Hmmm, I've not used the INSTALL_INTO_ANACONDA approach, and I'm not sure it's valid given the changes to the way we build Sire. (It's now a self-contained conda app with no external dependencies.) @chryswoods would have a better idea if this is still possible.

Using the standard installation approach (./compile_sire.sh) it's trivial to change the installed version of OpenMM after Sire is built. (Just use ~/sire.app/bin/conda install -c omnia openmm=....) We also have a bundled script accessible at ~/sire.app/bin/optimise_openmm which will try to figure out the most recent version that is compatible with your system, then install that for you.

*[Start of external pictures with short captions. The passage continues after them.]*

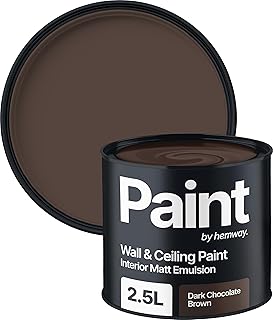 Hemway Dark Chocolate Brown Interior Paint - 2.5 Liter (84.5 Fl Oz) - Ac...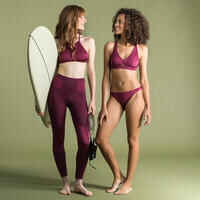 Women's Surfing Adjustable Swimsuit Crop Top AGATHA - BURGUNDY RED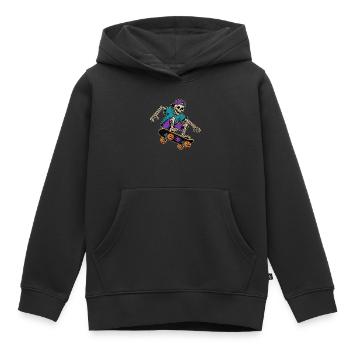 Skelett Skater Halloween Vintage T-Shirt Motiv - Kinder Premium Organic Hoodie - Schwarz - Vorne - AI Model Kid Male (0cm)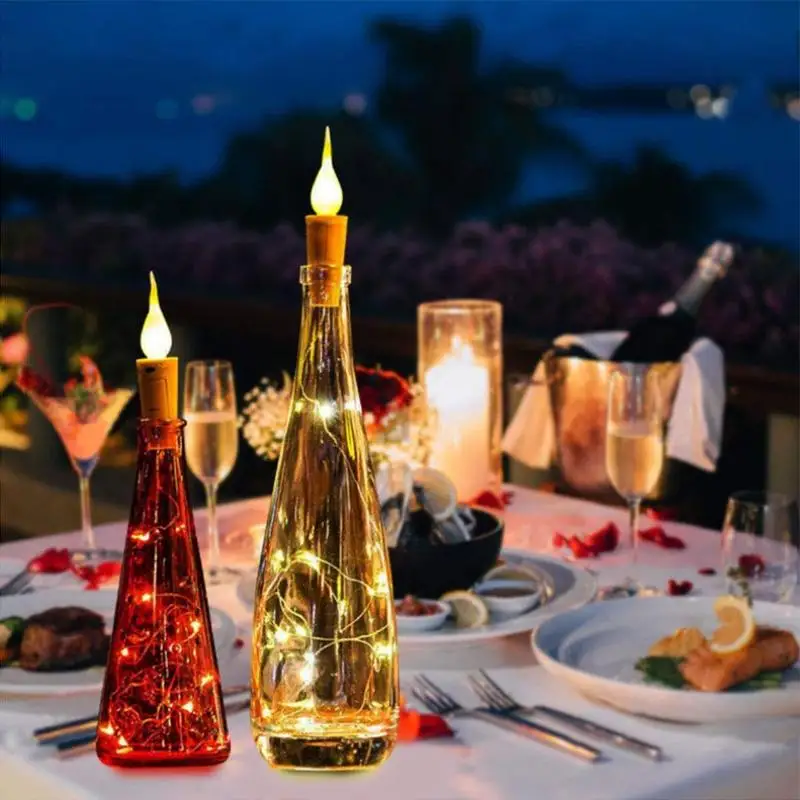

1PC LED Holiday Light String Candle Flameless Wine For home DIY decor Fairy Light Mini Lights Flame String Cork Bottle Cork M5P4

Could you try the regular installation and see if that works? If not, then I can dig into it further.

@djcole56
Copy link
Author

djcole56 commented Aug 7, 2020

Oh I see, yep no problem. Just seems to be a handful of unavailable packages now. At first glance some of these seem to be hard to get hold of for ppc64le via conda:

(openmm) [ndc104@pn001 Sire]$ ./compile_sire.sh
Where would you like to install Sire? [/mnt/nfs/home/ndc104/sire.app]:
Installing into directory '/mnt/nfs/home/ndc104/sire.app'
** Running the conda activate script... **
** . "/mnt/nfs/home/ndc104/sire.app/bin/activate"
** Running the Python install script... **
** "/mnt/nfs/home/ndc104/sire.app/bin/python" build/build_sire.py **
Compiling on Linux
Number of cores used for compilation = 128
Continuing the Sire install using /mnt/nfs/home/ndc104/sire.app/bin/python build/build_sire.py
pip is already installed...
Activating conda-forge channel using: '/mnt/nfs/home/ndc104/sire.app/bin/conda config --prepend channels conda-forge'
Warning: 'conda-forge' already in 'channels' list, moving to the top
Installing packages using: '/mnt/nfs/home/ndc104/sire.app/bin/conda install --yes ipython pytest nose netcdf4=1.5.3 boost=1.72.0 gsl=2.6 tbb=2019.9 tbb-devel=2019.9 pyqt=5.12.3 gcc_linux-64 gxx_linux-64 make libtool autoconf automake cmake'
Collecting package metadata (current_repodata.json): done
Solving environment: failed with initial frozen solve. Retrying with flexible solve.
Collecting package metadata (repodata.json): done
Solving environment: failed with initial frozen solve. Retrying with flexible solve.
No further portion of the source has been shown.